To some extent it probably does, but apparent continuity can be misleading. For example, the VRHS classification of S0s from featureless systems with only a trace of a lens to systems with obvious rings or traces of spiral structure is clear continuity in galaxy morphology, but it does not necessarily mean that the placement of S0s between ellipticals and spirals is correct. The type `S0/a' automatically suggests a correct placement. Even so, some aspects of the VRHS could imply secular evolution, such as:

  1. The smooth variation in bar strength (with numerous examples filling the continuum of forms from SA to SB). Does this imply evolution from SB to SA or vice-versa, or both? The simulations of Bournaud & Combes (2002) suggest that bar destruction by increasing central mass concentration followed by bar rejuvenation by external gas accretion could keep `apparent bar strength' as a continuum of forms just as recognised in the VRHS.

  2. The seemingly smooth connection between rings and lenses. These features are found in the same general locations relative to bars, and in particular the radial profile of a lens can be very much like a ring of lower contrast on a steeply declining background [e.g., the lens of NGC 1553 (Kormendy 1984); as compared to the bright stellar inner ring of NGC 7702 (Buta 1991; see Fig. 20 of Buta & Combes 1996)]. Do lenses simply represent the dissolution of bars or bar-like features, or could many lenses be diffused (highly evolved) former rings? The latter could follow from the mere existence of inner, outer, and nuclear lenses in the same manner as inner, outer, and nuclear rings. Nevertheless, the virtually one-to-one connection between the sizes of bars and the diameters of inner lenses still suggests, as noted by Kormendy (1979), that such lenses formed by bar dissolution. A study of lens colours would aid greatly in further establishing these connections.

  3. The smooth variations in ring morphologies, ranging from completely closed features to no ring at all, with a continuum of `pseudorings' in between. Does this mean that pseudorings evolve secularly into closed rings? Does it also mean that a galaxy with no ring could eventually become ringed? Even the simplest numerical simulations, such as those of Schwarz (1981, 1984a), Simkin et al. (1980), and Byrd et al. (1994), suggest that it might be possible for gravity torques acting on spiral segments to evolve a pseudoring pattern and eventually close it. It is not clear from such simulations, however, that pure (s)-variety spirals could evolve into pure (r)-variety spirals. Such evolution could depend on the evolution of the bar pattern speed as well.
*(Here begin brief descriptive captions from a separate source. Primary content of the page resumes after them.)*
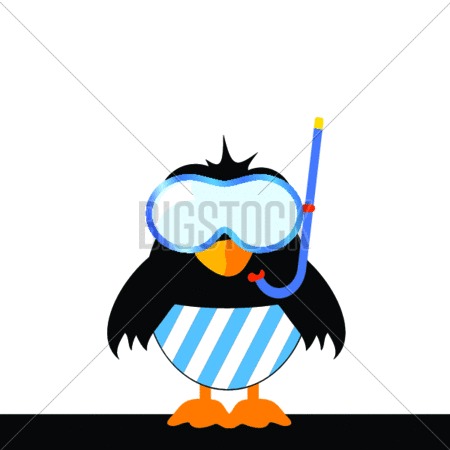 Bird With Blue Shorts And A Diving Mask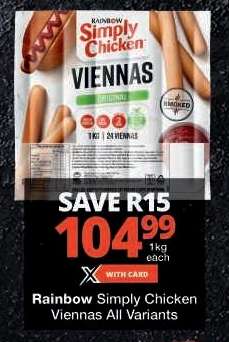 Rainbow Simply Chicken Viennas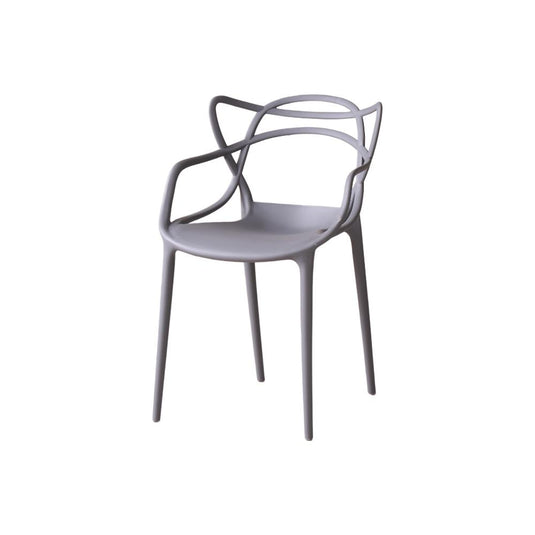 Set de 4 Sillas Palermo, Color Gris, con Espaldar y Diseño Moderno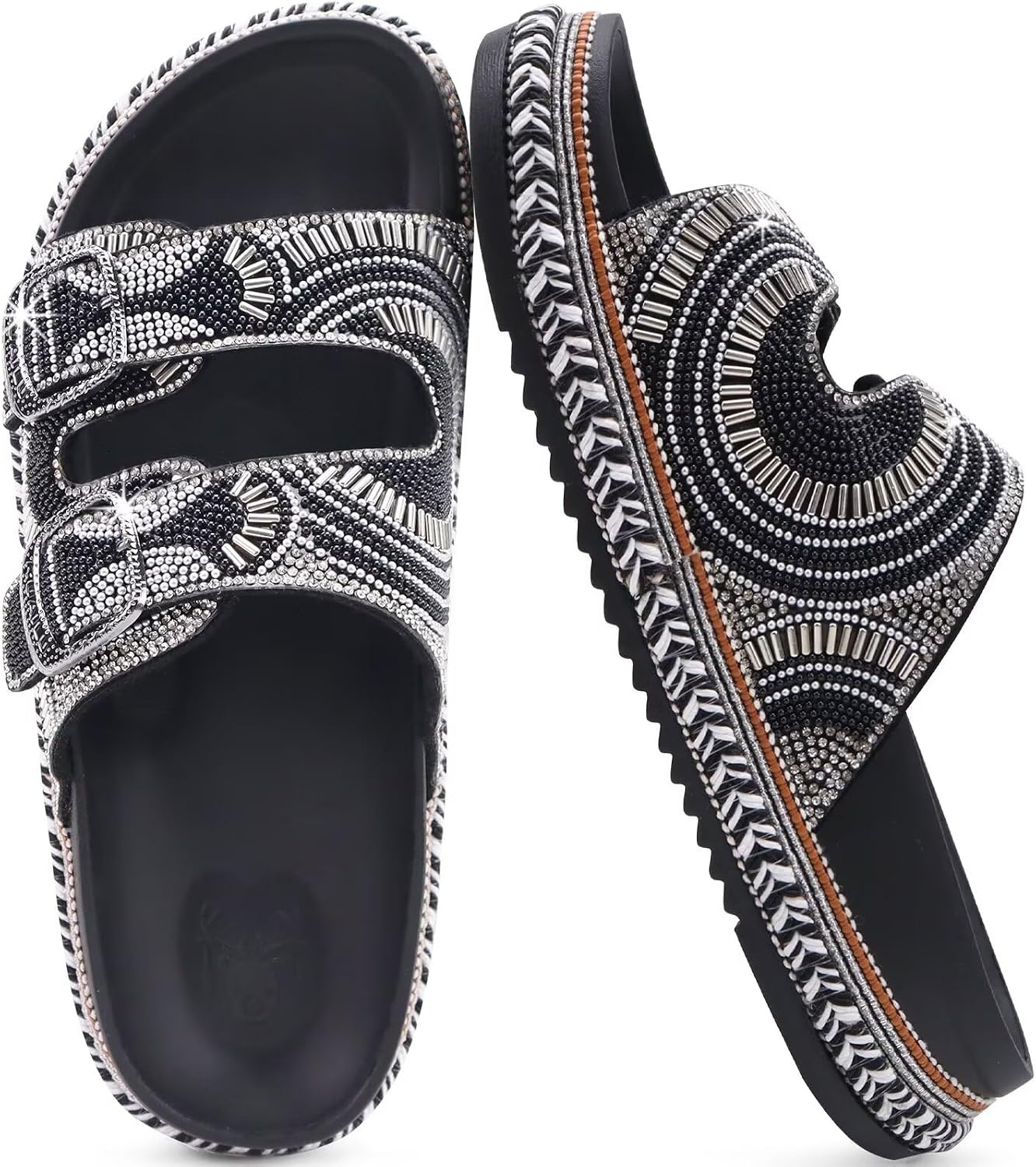 image:imageKuaiLu Womens Bling Sandals with Arch Support Orthopedic Rhinestones SlidesAll Black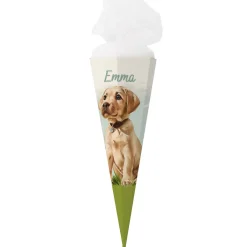 Zuckertüte mit niedlichem Hund und Ihrem Wunschnamen bedruckt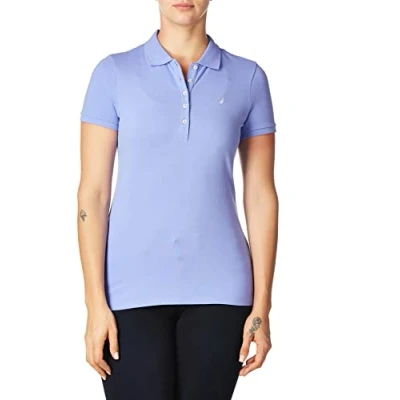 Abbildung von Nautica Damen Poloshirt mit 5 Knöpfen, kurzärmelig, atmungsaktiv, 100% Baumwolle Polohemd, Deep Peri, XX Large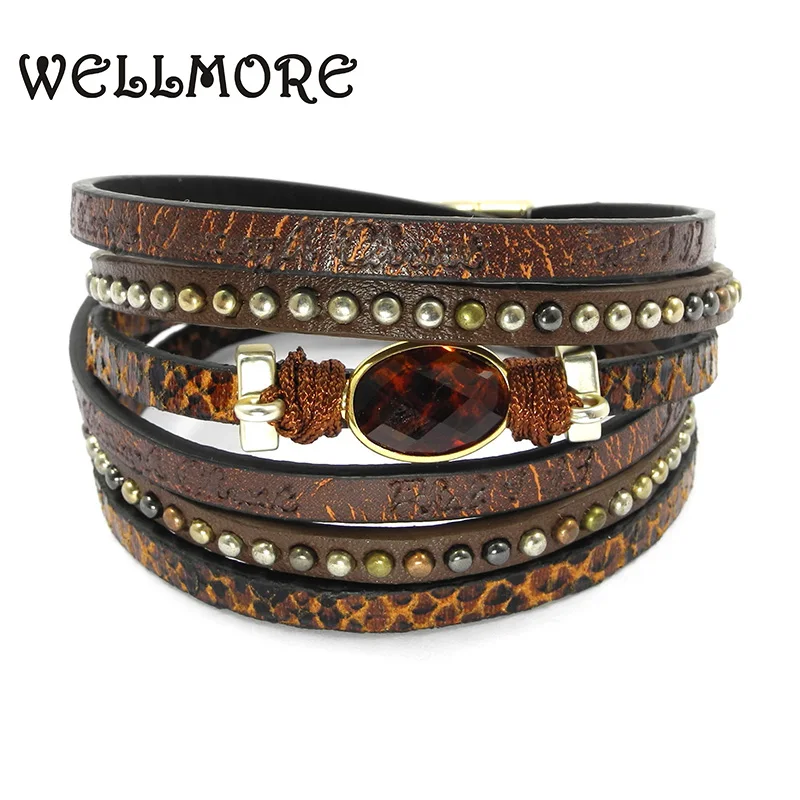 Женский кожаный браслет WELLMORE плетеный с магнитной пряжкой богемный B16060|wrap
  4. The smooth variations in morphology along the spiral type sequence. Could a spiral evolve along this sequence? Could it do this without also evolving along the family and variety dimensions of the VRHS? Stage evolution is perhaps the most important question we could ask about secular galaxy evolution, because it brings us into the realm of bulge formation and evolution. If many bulges are built up by secular movement of disk material (as opposed to multiple mergers), then secular evolution from late-to-early would indeed be possible (KK04). A big question is, how many `steps' in stage could a galaxy evolve in this way during a Hubble time? I did not discuss `pseudobulges' during my actual lectures since these were covered in some detail by Kormendy (this volume), but in the next set of notes I will describe the morphologies of such bulges.